DATA FOR THIS EXERCISE:
_____

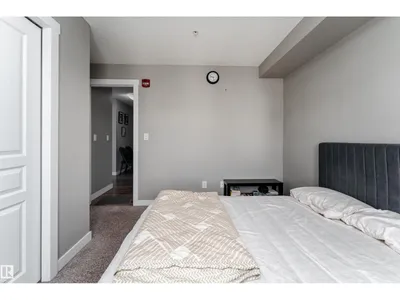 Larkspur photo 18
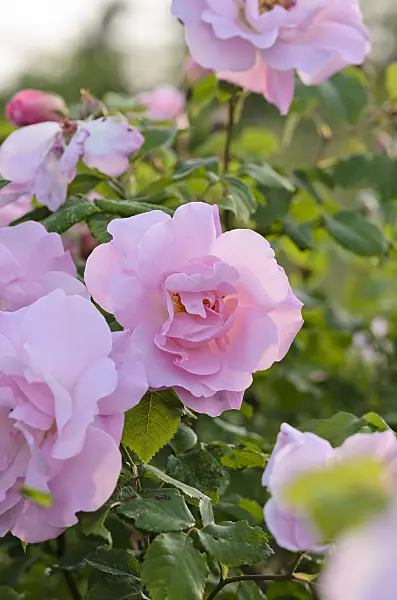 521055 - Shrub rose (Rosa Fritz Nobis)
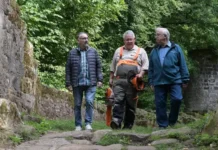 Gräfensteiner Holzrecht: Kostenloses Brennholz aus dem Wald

_____

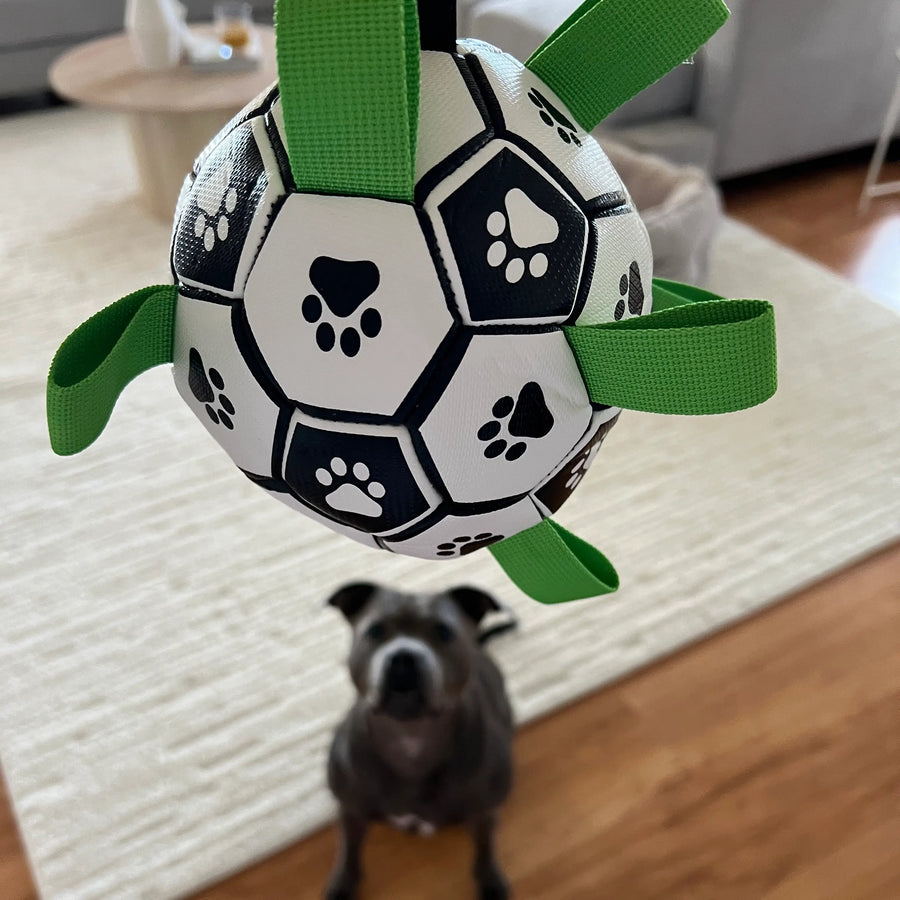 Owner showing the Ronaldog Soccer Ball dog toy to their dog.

_____

After locating "Larkspur photo 18" and "Gräfensteiner Holzrecht: Kostenloses" in the records above, return exactly the line holding each one and every line between them; leave out the pictures.

WRITTEN ANSWER:
 Larkspur photo 18
 521055 - Shrub rose (Rosa Fritz Nobis)
 Gräfensteiner Holzrecht: Kostenloses Brennholz aus dem Wald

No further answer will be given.